Techniques for Selection

Analysis steps
Analysis steps

As we have seen before, this figure shows the stages of a typical approach to a post-hoc study of FLOSS, like a digital archaeologist. The figure shows a series of stages, each of which includes some number of steps, and yields some outcomes. Each outcome may or may not feed into the following stage. In this post, I will discuss the selection stage. Remember that this is the method I have preferred so far, and is the method that a number of my peers have used, in whole or in part. It is not the method.

Selection

The point of selection is to choose the metrics that are going to be used to measure the attributes you are interested in, and also to compose a list of projects to study. On selecting metrics, I cannot be especially general. They are very closely tied to the goals of your study and a way needs to be found to come up with an effective way of measuring your success at achieving those goals. My personal preference is the “Goal-Question-Metric” (GQM) Approach. You can read about it elsewhere, but what attracts me to the GQM Approach is that it is a software engineering specific method that helps you come up with the right measures by forming questions needed to achieve the goals you have set. These questions can also “suggest” the hypotheses needed in your study. It is not perfect, but “Goal-Question-Metric” is a useful parallel to “Research Question-Hypotheses-Measures”. I do think it important to do metric selection first; the reason will be apparent in what I shall say next.

Additionally, you will probably want to set some parameters for the investigation, usually to ensure your investigation remains valid. For example, if you looking into some aspect of, say, forum activity then it probably makes no sense to include projects for which no forum activity exists. (At the same time, you should report what proportion of your initial sample is disqualified.) This may impact the pool of projects you can choose from by eliminating some potentials, but it should not impact the metrics you choose — the investigation should be guided by what you want to measure, not how easy something is to measure. Sometimes this is made quite simple for you. For instance, FLOSSMole is a service that provides you with meta-data about individual FLOSS projects in nicely-formatted lists. If you wish to prune such a list then it is easy to write a software tool to do it quickly for you, leaving only the “valid” candidates. Ask nicely and you could borrow mine.

So-called “filters” I have found myself testing for in past work have included:

  • Programming language
  • Version control system used
  • Product size
  • Development status

These factors can impact the validity of the study (e.g. can different programming languages be compared fairly), or be technical considerations (e.g. do I have tools that can analyse these programming languages). Both need careful thought.

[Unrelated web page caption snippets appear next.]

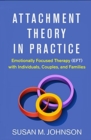 Attachment Theory in Practice : Emotionally Focused Therapy (EFT) with Individuals, Couples, and Families - Book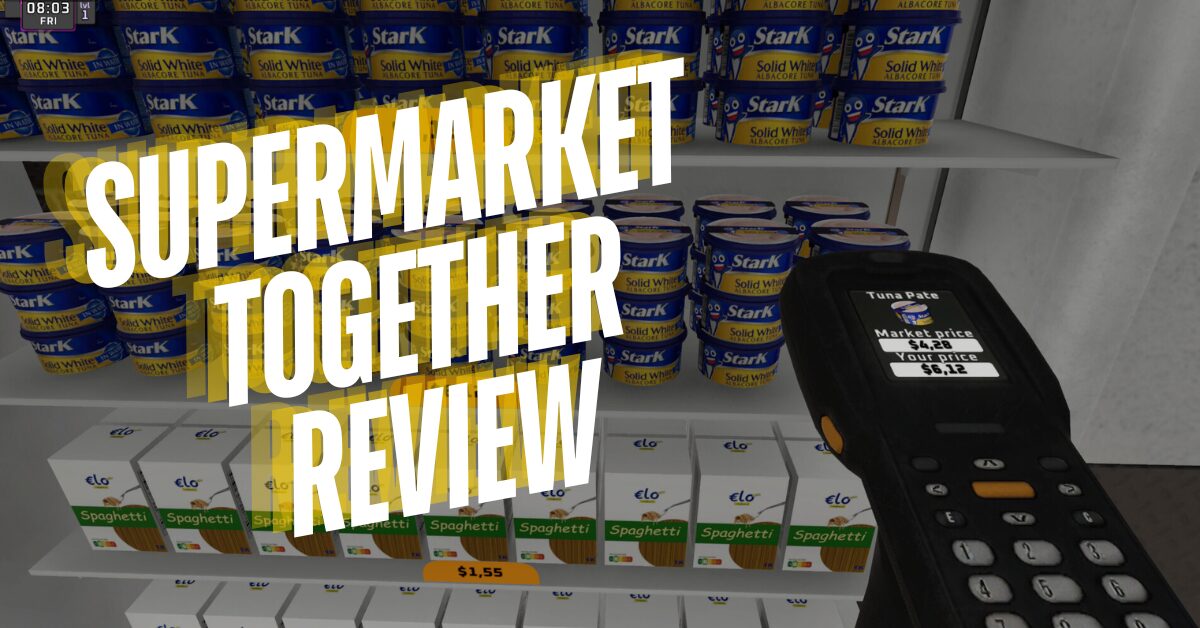 Supermarket Together Review: Great Free Co-Op Simulator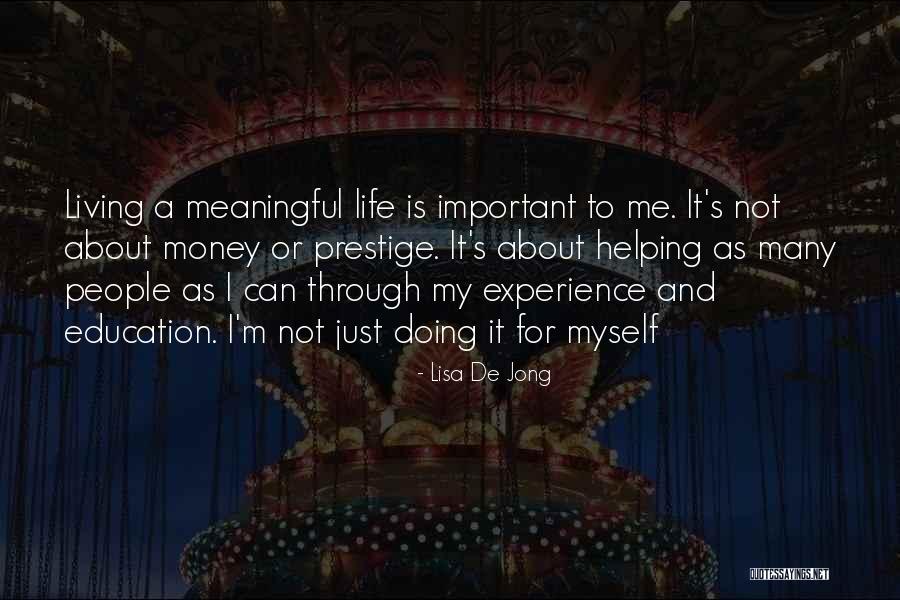 De Jong Quotes By Lisa De Jong De Jong Quotes By Lisa De Jong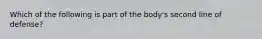 Which of the following is part of the body's second line of defense?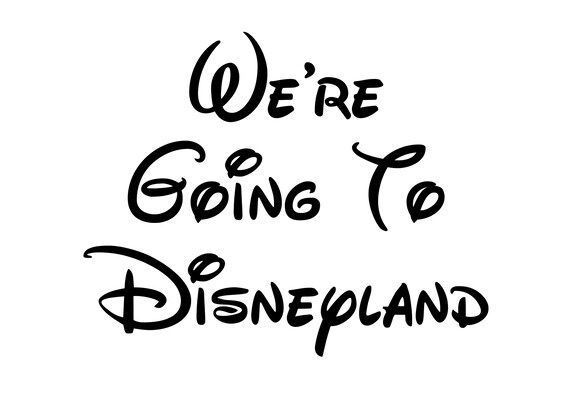 We're Going to Disneyland Vinyl Decal Sticker Great for | Etsy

Further considerations include your selection method, i.e. how are you choosing the projects to study? If you are examining a very small number of projects, be sure your choice has some careful thought behind it. Generalizing from simply analysing one or a couple of projects can be tricky; a more focused comparative analysis, such as the work by Schach et al comparing four different Unix-like operating system kernels is probably more productive at that level. If you seek to generalize FLOSS as a phenomenon from your analysis, some different works have now been carried out (including my own) that do so by analysing large samples of projects. In this case I think the consensus is that random selection of a filtered population of projects is the best approach.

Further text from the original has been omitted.